A Phase II smoking cessation clinical trial at the University of Minnesota Masonic Comprehensive Cancer Center (Hatsukami et al. 2010) also measured exposure of various smoke compounds in smokers from smoking a VLN cigarette containing our proprietary tobacco over a six (6)-week period. Smokers significantly reduced their smoking as compared to their usual brand of cigarettes. The number of VLN cigarettes smoked per day on average decreased from 19 (the baseline number of cigarettes of smokers’ usual brand) to 12 by the end of the six (6)-week period, even though participants were instructed to smoke ad libitum (as many cigarettes as desired) during treatment. Furthermore, besides significant reductions in other biomarkers, carbon monoxide (CO) levels, an indicator of smoke exposure, significantly decreased from 20 parts per million (baseline) to 15 parts per million. Cotinine, a metabolite and biomarker of nicotine, significantly decreased from 4.2 micrograms/mL (baseline) to 0.2 micrograms/ml. All differences were statistically significant (P<0.05).

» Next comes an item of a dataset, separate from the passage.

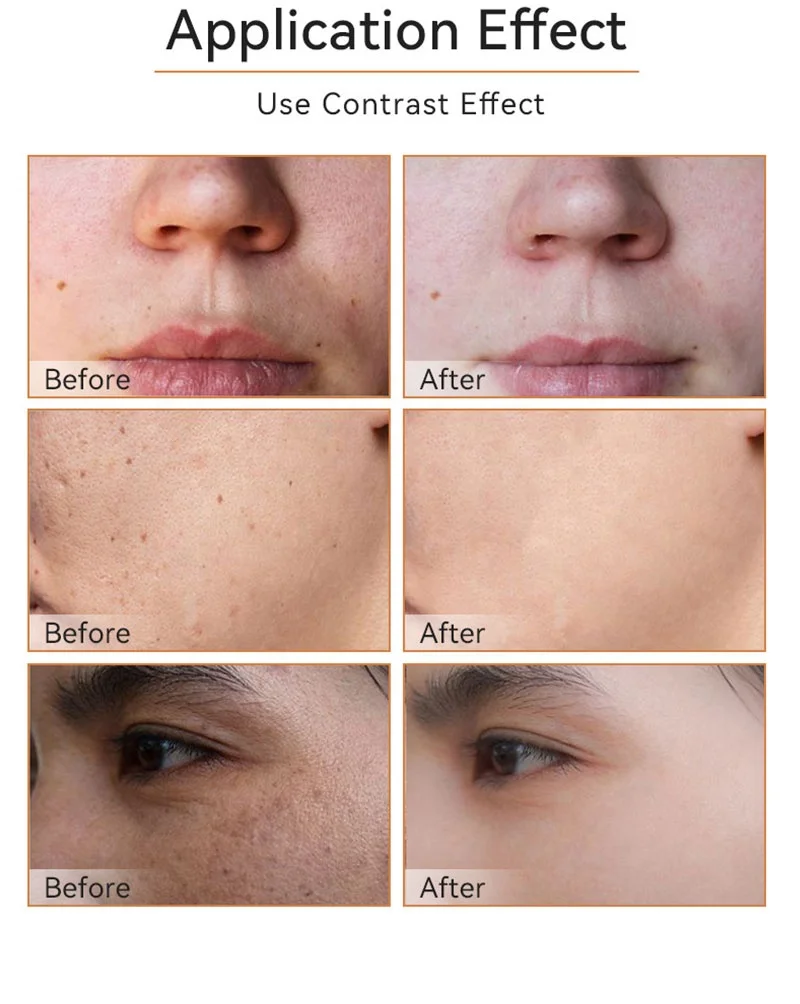 Wholesale Customization Turmeric Toner organic vegan  acne private label turmeric skin care set wholesale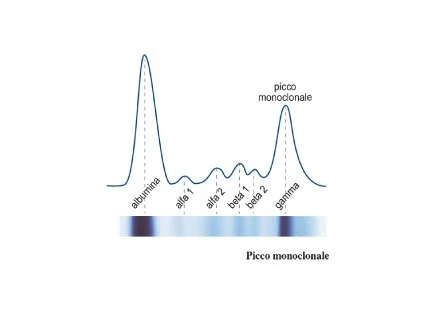 Gammopatia Monoclonale di Significato Incerto (MGUS)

A recently completed study led by the University of Pittsburgh directly compared perceptions of and smoking behavior with SPECTRUM research cigarettes of different nicotine content produced by us for NIDA in a total of 840 subjects (ClinicalTrials.gov Identifier: NCT01681875). The study included groups of 120 smokers who received VLN cigarettes with the same nicotine level as used in the initial X-22 Phase II-B study or the nicotine level used in the University of Minnesota and Queen Mary University trials.
Utilizing the results of these and other independent clinical trials, we intend to submit to the Center for Tobacco Products (“CTP”) of the FDA an application for BRAND A as a Modified Risk Cigarette.
We believe these and other results and future exposure studies the FDA may require will result in a modified risk cigarette claim for BRAND A. We further believe smokers who desire to smoke fewer cigarettes per day while also satisfying cravings and reducing exposure to nicotine will find BRAND A beneficial. There is, however, no guarantee that BRAND A will be classified as a Modified Risk Cigarette by the FDA.